Records from a data source
_ _ _ _ _ _ _
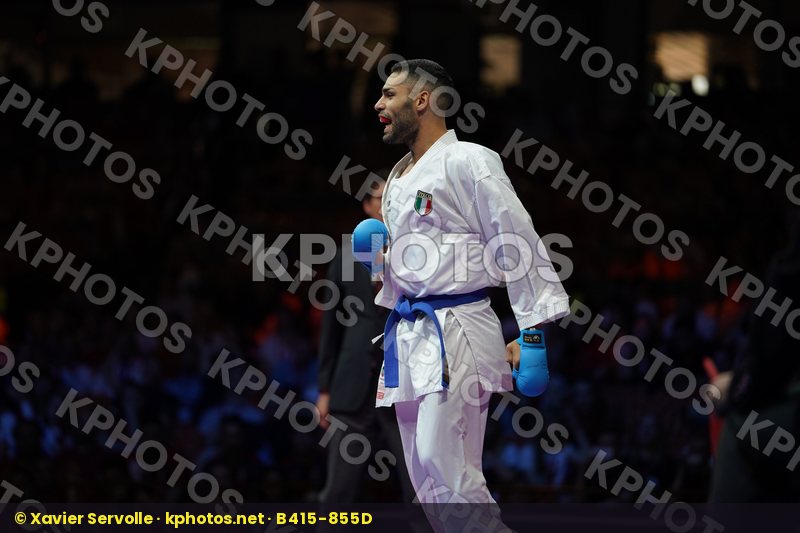 European Senior Championships Novi Sad 2018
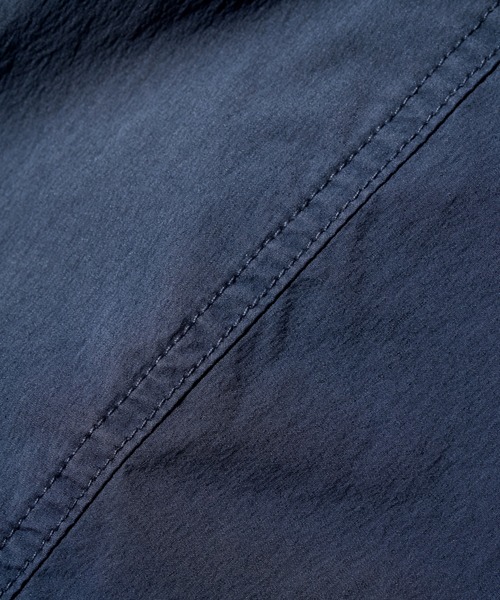 STONEMASTER(ストーンマスター )の「TOURIST JACKET|ツーリストジャケット(ブルゾン・メンズ・オリーブ/ネイビー/チャコール/グレー・L/XL/M/S)」の15枚目の写真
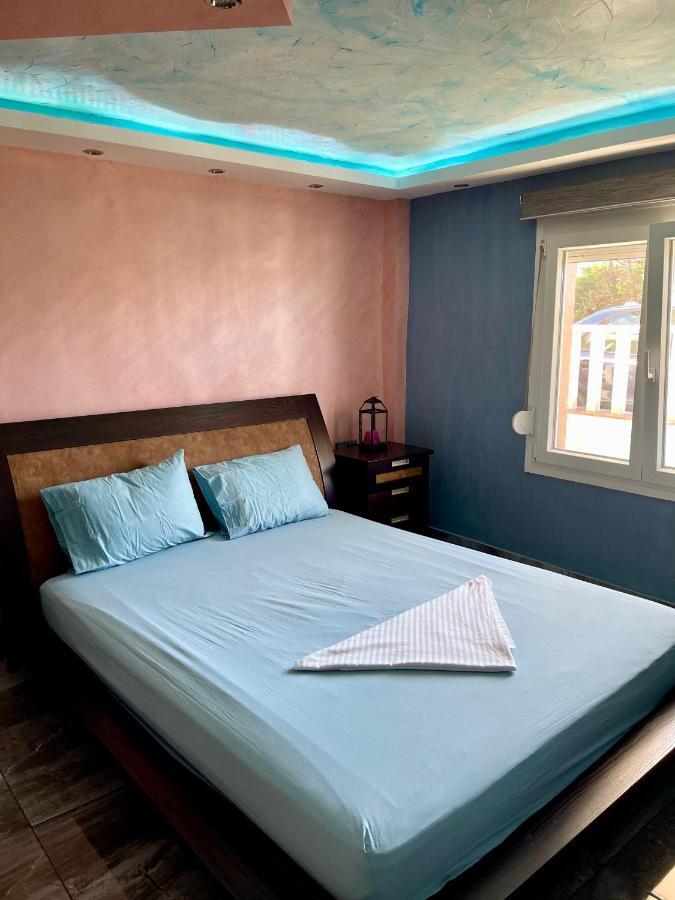 Νέα Μεσσαγγαλα Luxury Suite By Makhome No 2 Néa Meságkala Kültér fotó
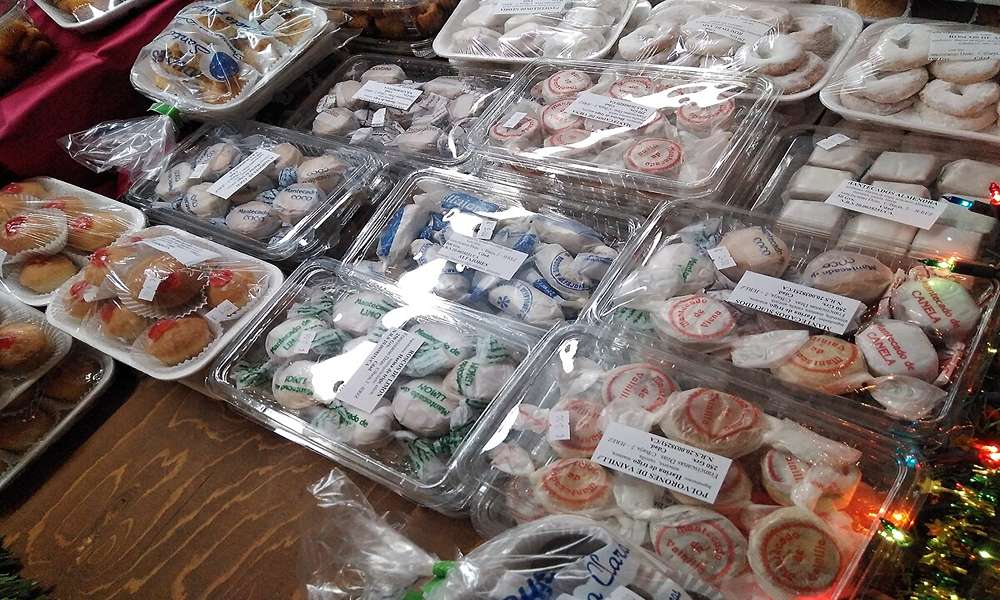 西班牙修女的甜點文化:跟著修女吃甜甜,來自 15 世紀的甜蜜滋味,每一口都是祝福!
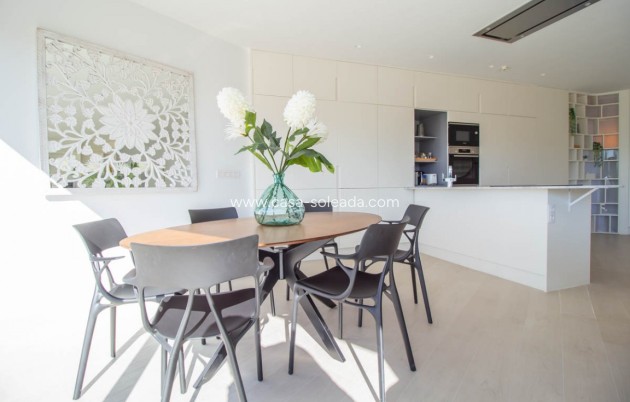 Revente - Appartement - Las Colinas Golf Resort - Costa Blanca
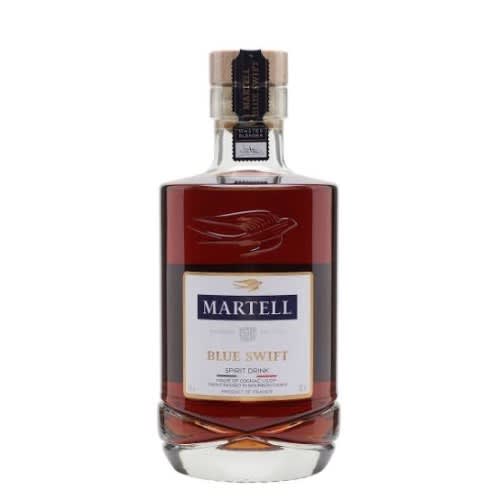 Blue Swift- 12 X 70cl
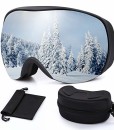 Outope-Skibrille-mit-Anti-Nebel-und-UV-Schutz-OTG-Ski-Snowboard-Brille-Dual-Linse-fr-Damen-und-Herren-Snowboardbrille-fr-Schneemobil-Skifahren-oder-Skaten-0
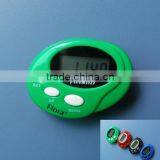 Sports Digital Pocket Pedometers Free Digital Pocket Pedometer thumbnail-1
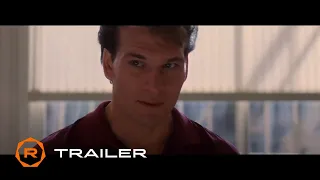 Ghost (1990) 30th Anniversary Official Trailer - Regal Theatres HD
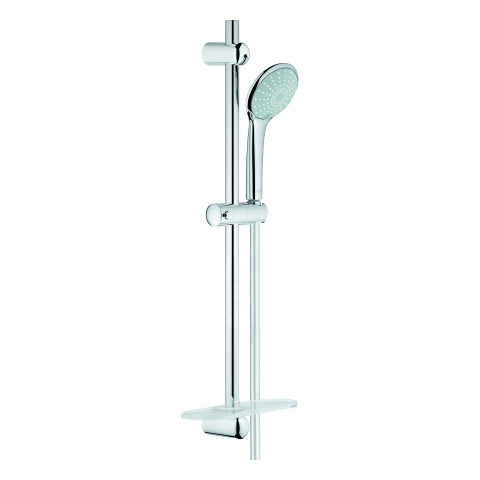 Grohe - Brausegarnitur Euphoria 110 Duo 27230_1 600mm mit Seifenschale chrom
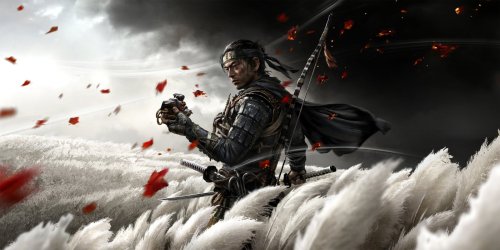 „Ghost of Tsushima“: Spieleverfilmung wahrscheinlich in japanischer Sprache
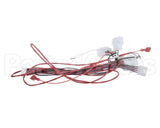 8076613 Frymaster Harness Bulk Oil Top Off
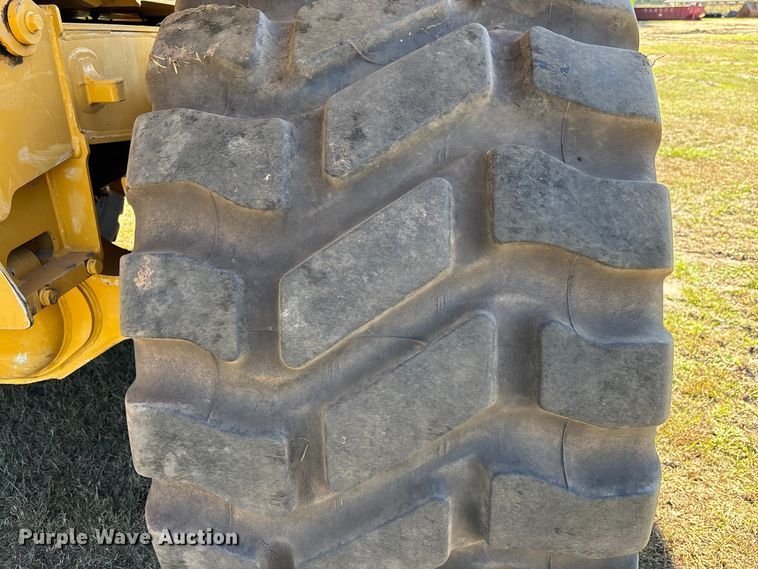 image for item EC3888 2022 Bell B30E articulated haul truck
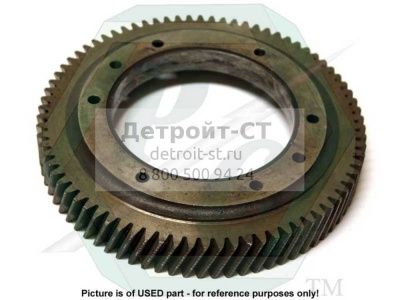 Gear Asm., L.H. Helix 5126034 фото запчасти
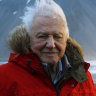 Attenborough's new show treads fine line on climate change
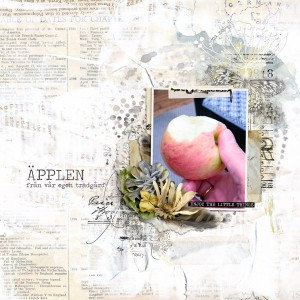 August-18 Photography challenge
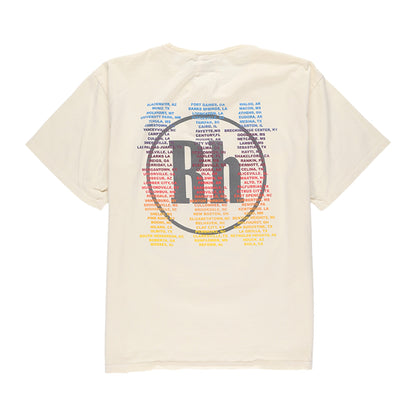 Rhude Nascar Race T-Shirt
_ _ _ _ _ _ _
> About this exercise
Could you transcribe every entry above exactly, leaving out the images?

> Output for this exercise
 European Senior Championships Novi Sad 2018
 STONEMASTER(ストーンマスター )の「TOURIST JACKET|ツーリストジャケット(ブルゾン・メンズ・オリーブ/ネイビー/チャコール/グレー・L/XL/M/S)」の15枚目の写真
 Νέα Μεσσαγγαλα Luxury Suite By Makhome No 2 Néa Meságkala Kültér fotó
 西班牙修女的甜點文化:跟著修女吃甜甜,來自 15 世紀的甜蜜滋味,每一口都是祝福!
 Revente - Appartement - Las Colinas Golf Resort - Costa Blanca
 Blue Swift- 12 X 70cl
 Outope-Skibrille-mit-Anti-Nebel-und-UV-Schutz-OTG-Ski-Snowboard-Brille-Dual-Linse-fr-Damen-und-Herren-Snowboardbrille-fr-Schneemobil-Skifahren-oder-Skaten-0
 Sports Digital Pocket Pedometers Free Digital Pocket Pedometer thumbnail-1
 Ghost (1990) 30th Anniversary Official Trailer - Regal Theatres HD
 Grohe - Brausegarnitur Euphoria 110 Duo 27230_1 600mm mit Seifenschale chrom
 „Ghost of Tsushima“: Spieleverfilmung wahrscheinlich in japanischer Sprache
 8076613 Frymaster Harness Bulk Oil Top Off
 image for item EC3888 2022 Bell B30E articulated haul truck
 Gear Asm., L.H. Helix 5126034 фото запчасти
 Attenborough's new show treads fine line on climate change
 August-18 Photography challenge
 Rhude Nascar Race T-Shirt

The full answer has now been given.